Posts Tagged ‘ Saving Face ’

Saving Pakistan’s Face?

By Huma Yusuf for The New York Times

On Monday morning, Pakistanis awoke to news that their country had just won its first Oscar. Sharmeen Obaid-Chinoy and her co-director Daniel Junge received the award for best documentary in the short-subject category for “Saving Face.” The film chronicles the work of the British-Pakistani plastic surgeon Mohammad Jawad, who performs reconstructive surgery on women who were attacked with acid.

The media in Pakistan couldn’t get enough of the story. Television channels repeatedly broadcast footage of Obaid-Chinoy receiving her award. Fans posted on their Facebook pages pictures of the filmmaker on the red carpet. Her acceptance speech was tweeted and retweeted: “To all the women in Pakistan who are working for change, don’t give up on your dreams — this is for you.”

Politicians tried to share the limelight. Altaf Hussain, the head of the Karachi-based M.Q.M. party, congratulated Obaid-Chinoy publicly. Prime Minister Yousaf Raza Gilani announced that she would be given a civilian award for making Pakistan proud and catalyzing social change.

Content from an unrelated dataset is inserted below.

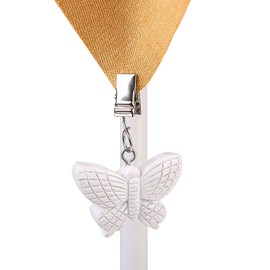 TwoFish Home Set of 4 White Butterfly Resin Tablecloth Weights Clips White Butterfly Handicraft Tablecloth Clamps Pack of 4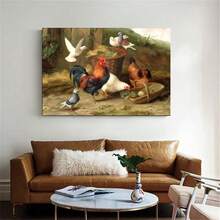 1pc Framed Chicken And Pigeons In The Yard Wall Art Canvas Print Poster, Suitable For Modern Living Room Bedroom Country Farmhouse Hotel B&B Kitchen Dining Room Dormitory Home Office Wall Decoration Ready To Hang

The chain restaurant Nando’s, which specializes in grilled chicken, even designed an advertising campaign riffing on the documentary’s name: “From one hot chick to another: Thanks for Saving our Face.”

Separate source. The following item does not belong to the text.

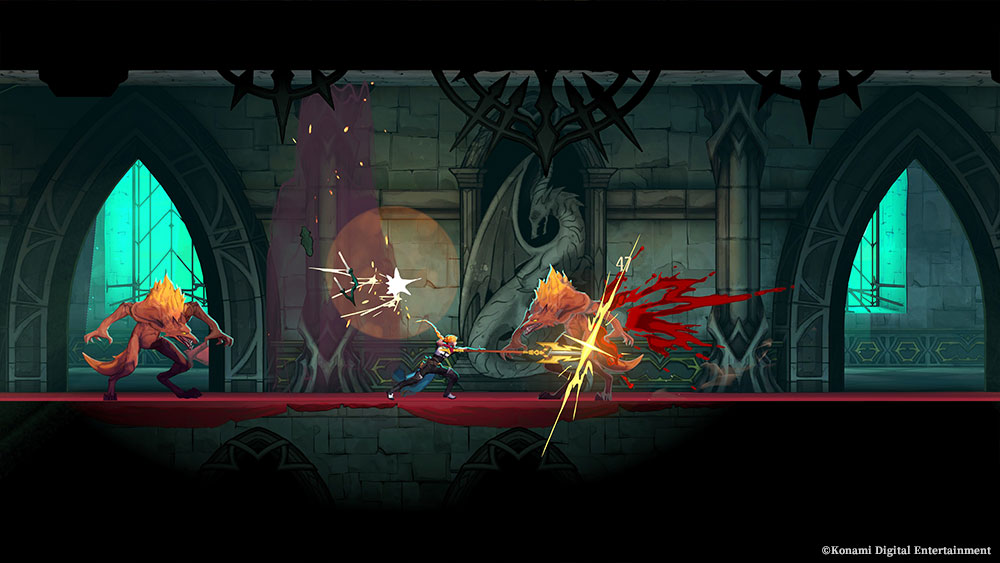 Rose Belmont swapping weapons during exploration in Castlevania: Belmont's Curse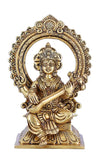 Whitewhale Maa Saraswati Brass Statue Religious Goddess Sculpture Idol Home Decor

But Obaid-Chinoy’s triumph, a rare piece of good news out of Pakistan, also reveals the extent to which Pakistanis have become accustomed to feeling dejected.

For once, Pakistan is making headlines for a positive achievement, not another terrorist attack, political squabble or natural disaster. For Pakistanis who have been struggling to restore their country’s flailing image, it’s a relief to see a talented, young Pakistani woman receiving a coveted international award — and hobnobbing with George Clooney. As the cultural critic Nadeem F. Paracha put it in a tweet, “Viva la @sharmeenochiony! The pride of Pakistan is in their artistes & intellectuals. Not in bombs and bans!”

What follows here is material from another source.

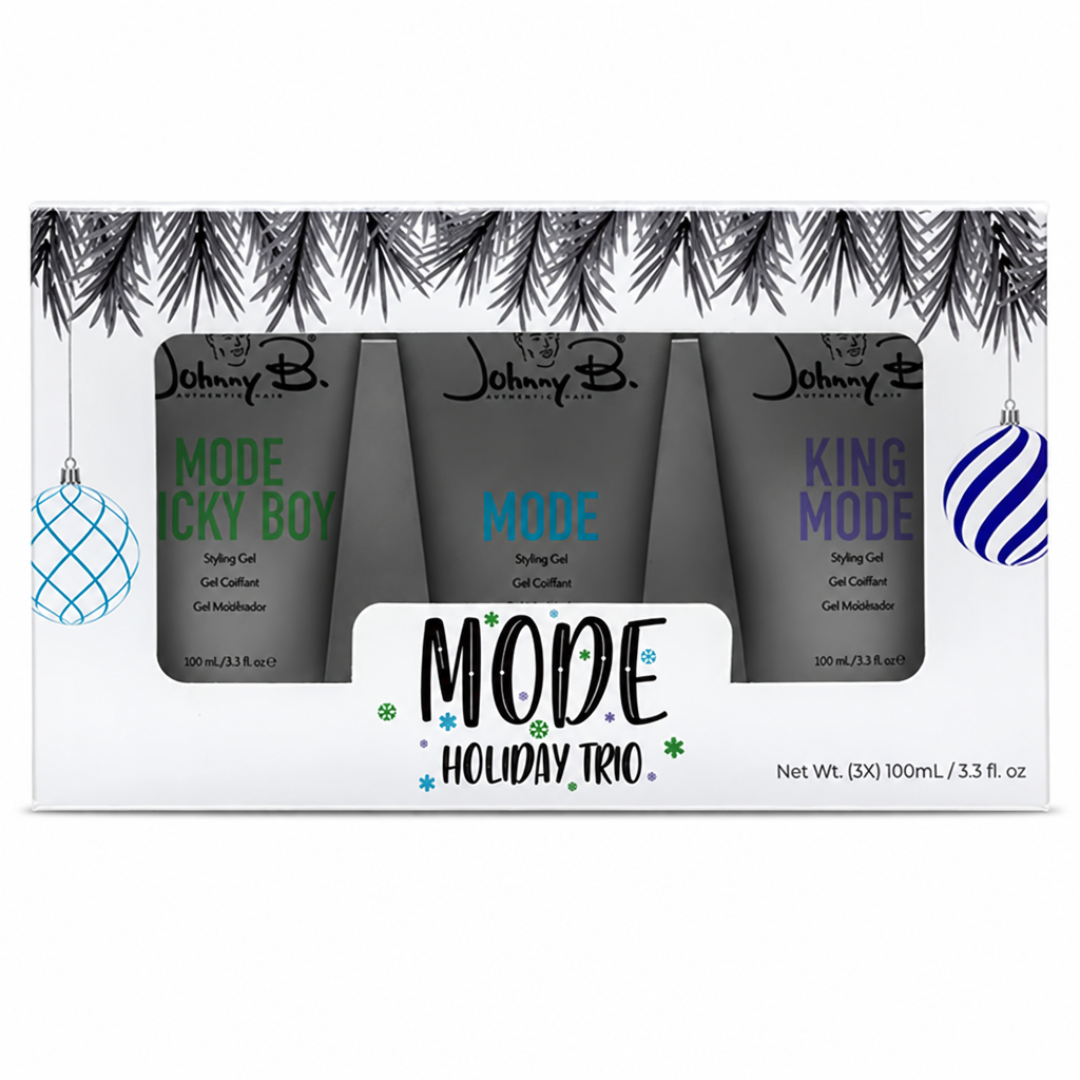 Johnny B MODE Holiday Trio Set of mode lucy boy, mode and king mode styling gels in a holiday themed white box with clear front box view of products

But what does it say about a country that it would rejoice at attracting global attention for rampant violations of women’s rights?

Pakistan is the world’s third-most dangerous country for women. Over 150 Pakistani women are the victims of acid attacks each year. Activists for women’s rights claim that only 30 percent of acid cases are reported and that this form of violence is extremely widespread because acid is easily available and inexpensive. Last year, the government passed the Acid Control and Acid Crime Prevention Bill, which imposes on attackers prison terms from 14 years to life and fines of up to one million rupees (about $11,000). But the new law has yet to be rigorously implemented, and attitudes toward women’s rights are far from reformed.

Obaid-Chinoy’s film highlights these problems — hardly a point of pride for Pakistanis.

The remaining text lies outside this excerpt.